Тем не менее, притягательность, очарование и магическая сила идеи солидарности были и остаются огромными. Несмотря на все разочарования, скептицизм и критицизм в отношении этой идеи, социологи вновь и вновь возвращаются к ней, что заставляет задуматься над тем, не отвечает ли она некоей фундаментальной потребности, научной и практической. Идет ли при этом речь о реальном явлении, с которым они постоянно стал-киваются, или о мечте, с которой они никак не могут расстаться и которая заставляет их снова и снова искать эту чашу Грааля? В любом случае, каким бы ни был ответ на этот вопрос, солидарность в качестве идеи и объекта социологического анализа играла, играет и, вероятно, будет играть важнейшую роль. А это означает необходимость и плодотворность дальнейших исследований в данной области, с учетом достижений и уроков изучения идеи солидарности за два столетия ее существования.

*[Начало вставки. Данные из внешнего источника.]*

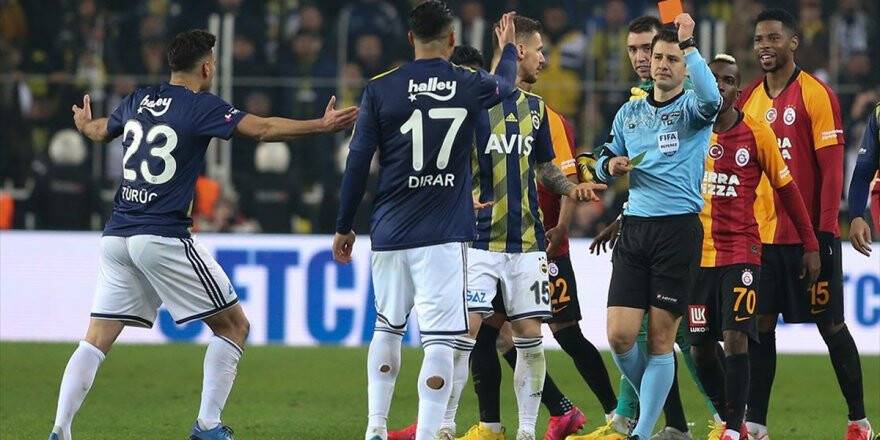 Fenerbahçe-galatasaray Derbilerine Kartlar Damga Vuruyor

(1) Напомним, что первоначально последний сливался с «Социальным движением», а слово «социалистический» было практически синонимом не только «социального», но и «католического», т. е. вселенского. Из этого в дальнейшем выросли мощные «коллективистские» движения, включая социализм, коммунизм, «солидаризм» и т. д., которые приобрели планетарный масштаб.
В связи с этим следует подчеркнуть, что часто повторяемый сегодня идеологами антизападничества тезис о том, что «западная» традиция является заведомо индивидуалистической и либеральной, не соответствует действительности. В данном случае, помимо прочих, совершается ошибка pars pro toto – часть западной традиции («индивидуалистическая») выдается за традицию в целом. В действительности, помимо упомянутых западных коллективистских течений, существовало даже коллективистское «западное антизападничество», в частности, в Германии. Некоторые предшественники немецкого нацизма (де Лагард, Лангбен, Мёллер ван ден Брук и др.) еще в ХIХ и начале ХХ вв. решительно противопоставляли германскую «коллективистскую» национальную идею западной «индивидуалистической» и «материалистической» традиции. Эти западные антизападники, с одной стороны, служат источниками вдохновения для современных антизападников и антилибералов, с другой, – самим своим существованием опровергают их идеологические конструкции. Сторонникам этих конструкций, от российских нацистов до последователей Бен Ладена, остается либо считать названных предшественников «ненастоящими» антизападниками, либо отлучать их от западной культуры, признавая их «ненастоящими», «нетипичными» представителями западной культуры.
(2) Отсюда характеристика солидаризма как «либерального социализма».